A year and a half ago, the Health and Social Policy team at Burness formed a book club to read and discuss the latest non-fiction, and occasional novel, that relates to our work. Since then, we’ve covered a whole lot of books—including The New Jim Crow, Being Mortal, Hatching Twitter, Nation on The Take, and several others—diving deeper into the issues that matter to us on health care, housing, technology, and the economy.

In deciding on what to read for this month, Evicted: Poverty and Profit in the American City seemed like the obvious choice. The critically acclaimed book by Harvard sociologist Matthew Desmond follows the lives of low-income families in Milwaukee as they struggle to keep a roof over their heads, and examines the broader national trends in the housing market. Early on, Desmond argues that the lack of access to affordable housing is among today’s most urgent yet unrecognized social crises.

“Eviction affects the old and the young, the sick and the able-bodied.
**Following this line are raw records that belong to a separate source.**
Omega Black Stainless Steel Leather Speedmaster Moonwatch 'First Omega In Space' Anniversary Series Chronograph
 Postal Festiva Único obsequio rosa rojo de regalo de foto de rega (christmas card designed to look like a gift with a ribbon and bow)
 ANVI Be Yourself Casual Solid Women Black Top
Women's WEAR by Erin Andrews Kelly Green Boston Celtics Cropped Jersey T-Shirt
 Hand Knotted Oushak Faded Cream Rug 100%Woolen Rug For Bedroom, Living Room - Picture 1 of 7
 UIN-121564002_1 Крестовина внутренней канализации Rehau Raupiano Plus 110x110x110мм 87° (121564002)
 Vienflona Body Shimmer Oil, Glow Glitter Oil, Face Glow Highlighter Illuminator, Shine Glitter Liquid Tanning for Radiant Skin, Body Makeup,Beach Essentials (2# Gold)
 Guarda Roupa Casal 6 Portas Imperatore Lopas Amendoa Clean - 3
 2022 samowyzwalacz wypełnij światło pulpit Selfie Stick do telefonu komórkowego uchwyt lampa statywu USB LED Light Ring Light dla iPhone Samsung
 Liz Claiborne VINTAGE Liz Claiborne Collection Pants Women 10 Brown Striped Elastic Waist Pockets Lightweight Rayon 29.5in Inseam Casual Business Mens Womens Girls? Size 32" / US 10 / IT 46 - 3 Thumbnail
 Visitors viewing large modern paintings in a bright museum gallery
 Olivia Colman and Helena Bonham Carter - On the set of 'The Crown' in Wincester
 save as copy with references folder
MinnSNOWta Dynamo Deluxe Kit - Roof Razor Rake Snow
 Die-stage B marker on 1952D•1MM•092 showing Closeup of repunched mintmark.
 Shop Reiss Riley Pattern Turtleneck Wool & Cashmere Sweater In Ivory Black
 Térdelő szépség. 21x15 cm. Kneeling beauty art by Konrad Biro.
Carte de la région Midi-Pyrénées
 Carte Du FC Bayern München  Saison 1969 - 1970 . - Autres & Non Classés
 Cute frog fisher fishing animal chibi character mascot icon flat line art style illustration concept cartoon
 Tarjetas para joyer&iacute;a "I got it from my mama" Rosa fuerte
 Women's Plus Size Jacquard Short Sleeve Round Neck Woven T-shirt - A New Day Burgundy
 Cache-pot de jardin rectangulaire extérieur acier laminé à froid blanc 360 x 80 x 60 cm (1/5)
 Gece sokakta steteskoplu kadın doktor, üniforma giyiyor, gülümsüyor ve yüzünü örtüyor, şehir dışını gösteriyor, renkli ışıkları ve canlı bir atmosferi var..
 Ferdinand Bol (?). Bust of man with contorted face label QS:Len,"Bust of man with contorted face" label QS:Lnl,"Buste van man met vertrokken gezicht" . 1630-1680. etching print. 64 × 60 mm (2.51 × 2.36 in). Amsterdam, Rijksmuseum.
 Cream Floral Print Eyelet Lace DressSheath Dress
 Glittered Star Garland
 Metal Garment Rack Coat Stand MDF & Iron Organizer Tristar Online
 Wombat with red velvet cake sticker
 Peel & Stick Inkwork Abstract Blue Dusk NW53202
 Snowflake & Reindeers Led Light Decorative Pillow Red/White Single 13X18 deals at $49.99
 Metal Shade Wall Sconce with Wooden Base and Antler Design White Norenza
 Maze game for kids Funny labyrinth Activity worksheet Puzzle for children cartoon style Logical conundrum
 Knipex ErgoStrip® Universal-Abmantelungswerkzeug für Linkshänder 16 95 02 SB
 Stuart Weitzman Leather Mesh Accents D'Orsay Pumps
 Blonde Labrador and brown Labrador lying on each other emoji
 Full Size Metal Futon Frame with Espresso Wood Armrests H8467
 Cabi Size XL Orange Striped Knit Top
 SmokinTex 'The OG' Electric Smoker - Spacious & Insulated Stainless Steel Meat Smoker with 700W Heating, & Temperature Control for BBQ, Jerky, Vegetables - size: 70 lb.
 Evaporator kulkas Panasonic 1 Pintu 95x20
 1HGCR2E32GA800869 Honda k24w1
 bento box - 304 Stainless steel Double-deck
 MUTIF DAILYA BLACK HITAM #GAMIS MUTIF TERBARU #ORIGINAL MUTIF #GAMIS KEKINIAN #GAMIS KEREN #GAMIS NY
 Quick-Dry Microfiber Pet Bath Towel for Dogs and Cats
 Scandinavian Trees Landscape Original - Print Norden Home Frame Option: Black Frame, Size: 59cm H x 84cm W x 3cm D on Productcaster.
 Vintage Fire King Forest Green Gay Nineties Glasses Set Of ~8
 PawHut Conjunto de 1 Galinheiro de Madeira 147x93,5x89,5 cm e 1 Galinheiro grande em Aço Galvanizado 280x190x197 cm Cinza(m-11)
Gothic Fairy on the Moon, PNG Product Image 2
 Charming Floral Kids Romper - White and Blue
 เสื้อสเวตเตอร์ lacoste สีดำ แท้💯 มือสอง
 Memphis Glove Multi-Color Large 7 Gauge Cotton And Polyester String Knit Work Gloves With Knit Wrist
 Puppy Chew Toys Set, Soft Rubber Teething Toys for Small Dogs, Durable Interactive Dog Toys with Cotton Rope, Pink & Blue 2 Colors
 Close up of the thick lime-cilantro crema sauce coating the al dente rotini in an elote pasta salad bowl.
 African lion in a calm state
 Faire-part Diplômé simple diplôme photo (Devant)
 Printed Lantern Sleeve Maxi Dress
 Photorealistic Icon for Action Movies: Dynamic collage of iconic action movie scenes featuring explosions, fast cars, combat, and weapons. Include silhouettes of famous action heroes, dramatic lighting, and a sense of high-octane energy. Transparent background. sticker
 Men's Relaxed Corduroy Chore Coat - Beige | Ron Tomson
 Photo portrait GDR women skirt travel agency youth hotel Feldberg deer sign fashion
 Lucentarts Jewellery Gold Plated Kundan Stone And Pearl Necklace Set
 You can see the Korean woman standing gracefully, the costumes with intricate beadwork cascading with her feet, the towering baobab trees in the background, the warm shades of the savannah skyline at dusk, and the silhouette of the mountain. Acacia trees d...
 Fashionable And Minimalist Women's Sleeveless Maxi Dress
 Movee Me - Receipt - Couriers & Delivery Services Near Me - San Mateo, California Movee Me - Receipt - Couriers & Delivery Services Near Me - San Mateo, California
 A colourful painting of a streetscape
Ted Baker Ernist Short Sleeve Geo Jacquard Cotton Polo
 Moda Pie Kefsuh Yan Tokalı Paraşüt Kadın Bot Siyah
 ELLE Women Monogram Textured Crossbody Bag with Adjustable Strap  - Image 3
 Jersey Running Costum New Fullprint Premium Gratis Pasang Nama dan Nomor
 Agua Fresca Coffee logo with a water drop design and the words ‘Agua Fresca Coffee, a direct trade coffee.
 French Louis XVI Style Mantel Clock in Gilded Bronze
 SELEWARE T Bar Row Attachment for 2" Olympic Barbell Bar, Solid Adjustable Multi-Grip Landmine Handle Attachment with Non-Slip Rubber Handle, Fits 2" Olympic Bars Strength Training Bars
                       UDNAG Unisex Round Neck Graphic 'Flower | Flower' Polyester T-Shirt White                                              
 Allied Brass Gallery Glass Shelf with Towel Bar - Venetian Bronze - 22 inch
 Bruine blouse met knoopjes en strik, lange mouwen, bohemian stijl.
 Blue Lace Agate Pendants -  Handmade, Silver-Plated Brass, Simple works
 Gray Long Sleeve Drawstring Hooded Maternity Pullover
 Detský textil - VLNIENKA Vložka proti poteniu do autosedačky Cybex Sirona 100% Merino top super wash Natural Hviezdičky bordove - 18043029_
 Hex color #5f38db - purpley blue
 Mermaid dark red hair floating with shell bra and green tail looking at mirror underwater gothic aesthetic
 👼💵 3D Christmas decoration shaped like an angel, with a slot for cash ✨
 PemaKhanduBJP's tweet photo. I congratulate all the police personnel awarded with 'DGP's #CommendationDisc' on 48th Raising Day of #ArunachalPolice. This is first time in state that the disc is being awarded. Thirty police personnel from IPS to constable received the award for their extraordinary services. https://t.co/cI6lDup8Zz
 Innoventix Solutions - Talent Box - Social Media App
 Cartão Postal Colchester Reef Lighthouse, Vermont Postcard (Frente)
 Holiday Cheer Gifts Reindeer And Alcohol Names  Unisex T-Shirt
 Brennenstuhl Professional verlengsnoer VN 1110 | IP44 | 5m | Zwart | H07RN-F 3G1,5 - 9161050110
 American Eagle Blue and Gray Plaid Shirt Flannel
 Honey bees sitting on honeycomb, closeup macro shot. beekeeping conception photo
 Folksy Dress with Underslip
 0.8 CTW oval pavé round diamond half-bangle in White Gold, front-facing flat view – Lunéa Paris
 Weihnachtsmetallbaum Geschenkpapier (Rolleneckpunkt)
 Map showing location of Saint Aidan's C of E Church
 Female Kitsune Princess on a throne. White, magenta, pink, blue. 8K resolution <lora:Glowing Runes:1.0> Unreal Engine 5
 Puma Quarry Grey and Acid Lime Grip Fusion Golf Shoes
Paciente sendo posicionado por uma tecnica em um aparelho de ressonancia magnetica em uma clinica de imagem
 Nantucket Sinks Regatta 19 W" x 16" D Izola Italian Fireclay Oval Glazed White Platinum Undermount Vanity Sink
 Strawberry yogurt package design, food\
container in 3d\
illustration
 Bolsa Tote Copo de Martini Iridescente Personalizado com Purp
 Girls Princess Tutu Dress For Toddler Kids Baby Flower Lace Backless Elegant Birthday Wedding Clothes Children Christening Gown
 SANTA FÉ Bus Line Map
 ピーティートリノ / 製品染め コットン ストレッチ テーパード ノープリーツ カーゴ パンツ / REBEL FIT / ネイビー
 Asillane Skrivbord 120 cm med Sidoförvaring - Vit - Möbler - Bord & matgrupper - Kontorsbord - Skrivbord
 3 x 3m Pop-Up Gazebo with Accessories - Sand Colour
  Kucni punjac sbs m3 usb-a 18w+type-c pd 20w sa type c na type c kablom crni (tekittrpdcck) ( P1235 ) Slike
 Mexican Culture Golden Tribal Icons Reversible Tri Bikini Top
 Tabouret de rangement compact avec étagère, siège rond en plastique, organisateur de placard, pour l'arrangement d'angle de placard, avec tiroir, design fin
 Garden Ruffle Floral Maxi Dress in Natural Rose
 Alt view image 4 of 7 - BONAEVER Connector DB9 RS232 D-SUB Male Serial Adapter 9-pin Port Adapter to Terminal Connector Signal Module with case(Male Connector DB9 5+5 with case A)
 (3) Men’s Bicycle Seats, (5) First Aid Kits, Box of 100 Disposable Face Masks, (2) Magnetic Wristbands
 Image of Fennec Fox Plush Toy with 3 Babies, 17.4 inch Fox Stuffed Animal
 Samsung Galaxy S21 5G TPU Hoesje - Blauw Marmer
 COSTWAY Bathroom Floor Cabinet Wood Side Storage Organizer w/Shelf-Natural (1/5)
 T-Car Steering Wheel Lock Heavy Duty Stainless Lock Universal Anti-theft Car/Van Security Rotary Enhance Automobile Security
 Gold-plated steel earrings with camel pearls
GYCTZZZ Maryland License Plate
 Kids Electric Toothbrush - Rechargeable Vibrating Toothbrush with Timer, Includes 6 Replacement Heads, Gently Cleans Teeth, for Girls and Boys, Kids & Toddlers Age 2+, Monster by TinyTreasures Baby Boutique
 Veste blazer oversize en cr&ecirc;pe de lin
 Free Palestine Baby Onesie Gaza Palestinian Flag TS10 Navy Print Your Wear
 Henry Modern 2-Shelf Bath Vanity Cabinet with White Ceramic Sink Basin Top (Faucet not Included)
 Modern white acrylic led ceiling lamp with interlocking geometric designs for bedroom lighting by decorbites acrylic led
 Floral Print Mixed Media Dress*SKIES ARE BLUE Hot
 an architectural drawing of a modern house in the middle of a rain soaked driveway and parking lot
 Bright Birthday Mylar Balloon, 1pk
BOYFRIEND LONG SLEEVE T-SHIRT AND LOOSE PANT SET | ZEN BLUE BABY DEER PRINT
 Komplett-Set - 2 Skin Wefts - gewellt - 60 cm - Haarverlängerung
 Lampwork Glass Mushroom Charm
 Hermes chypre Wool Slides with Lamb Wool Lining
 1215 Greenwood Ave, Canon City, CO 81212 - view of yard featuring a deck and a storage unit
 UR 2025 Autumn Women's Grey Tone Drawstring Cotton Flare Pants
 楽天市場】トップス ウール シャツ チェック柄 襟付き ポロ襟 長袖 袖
But for poor women of color and their children, it has become ordinary,” he writes.

At Burness, our work with partners such as the Low Income Investment Fund, Robert Wood Johnson Foundation, and Brookings Institution points to the lack of affordable housing as a problem that not only hurts individuals, but has lasting consequences for the economy and our nation’s future. While Evicted confirms many of the grim statistics we already knew—the majority of poor renting families spend at least 50 percent of their income on housing, for example—its firsthand accounts of how people get caught in the web of poverty are eye-opening.

For his research, Desmond embedded himself in Milwaukee’s poorest neighborhoods to document the lives of people on the edge. They include a couple dealing with job loss and raising three young daughters; a nurse whose opioid addiction cost him his license to practice; a double-amputee war veteran trying to work his way out of debt; and a single mother raising two sons on the $20 a month she has left after she pays for housing. They are all struggling to pay their rent, and they have all fallen behind.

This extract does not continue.